JOHN: To say nothing of the fact that your postal system is just only in appearance. Two houses are situated side by side, but one is outside the zone and the other is inside. The first will have to pay ten centimes more than the second, which is as much as the entire cost of posting the letter in England. You can see quite readily that, in spite of appearances, injustice occurs in your country on a far greater scale.
JACQUES: That seems quite true. My objection is of no great importance, but there is still the revenue loss.
Here I stopped listening to the two interlocutors. It seems, however, that Jacques Bonhomme was entirely converted; for, a few days later, after the report of M. de Vuitry
78* had appeared, he wrote the distinguished legislator the following letter:
Chairman of the Committee in Charge of
the Bill Relating to Postal Rates
“Sir:
“Although I am not unaware of the extreme disapprobation that one runs the risk of incurring when one takes one’s stand on the basis of an
absolute theory, I do not believe I ought to abandon the cause of a
uniform postal rate no higher than the amount needed merely to reimburse the government for the service rendered.

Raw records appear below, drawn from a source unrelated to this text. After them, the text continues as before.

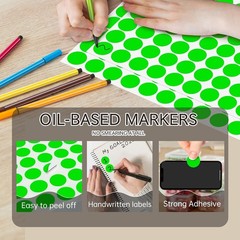 1050 Pack of 3/4 Inch Fluorescent Green Coding Circle Stickers for Easy Organ…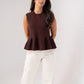 Kendra Sleeveless Peplum Top In Chocolate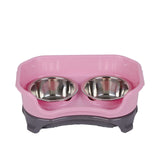Dog Bowl Splash-proof Leak Double Bowls With Large Capacity Elevated Raised Pet Food And Water Feeders Stainless Steel Cat Bowl daiiibabyyy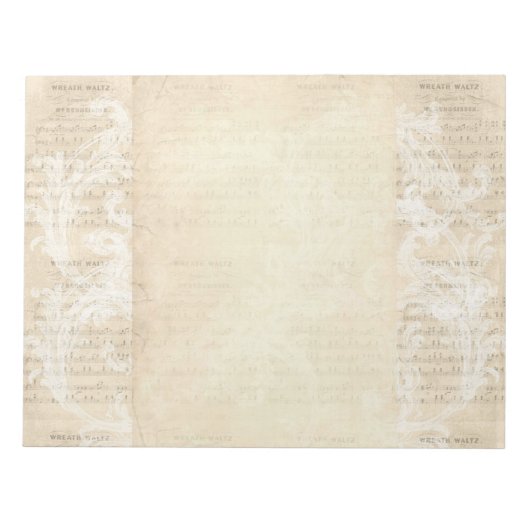 文房具紙ヴィンテージミュージックシートクリーム赤面 ノートパッド (正面)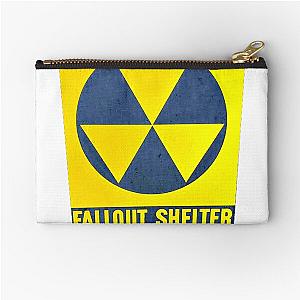Fall Out Shelter Sign, Yellow Fallout Shelter Sign Zipper Pouch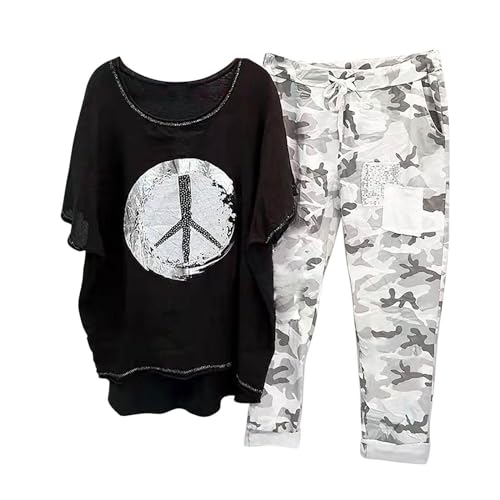 Zweiteiler Damen Festliches Outfit Sommer Elegant Zweiteiler Locker Rundhalsausschnitt Bluse Traingsanzug Camouflage Drucken Hose Sportanzug Strandhose Set Streetwear prime angebote von Generic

“I am well aware that in writing to you I am putting myself at a disadvantage, for I do nothing more than underline the contrast between us. On the one hand, a hothead, a doctrinaire reformer, who talks of suddenly overthrowing a whole system without providing for any period of transition; a dreamer who perhaps has never set eyes on that mountain of laws, administrative decrees, tables, addenda, and statistics that accompany your report; in a word, a
theorist! On the other, a sober, judicious, and temperate legislator, who weighs everything carefully and compares one proposal with another, who gives due consideration to all the different interests that may be affected, and who rejects all
systems, or, what amounts to the same thing, forms one of his own out of what he borrows from all the others. Surely there can be no doubt concerning the outcome of a struggle so unequal.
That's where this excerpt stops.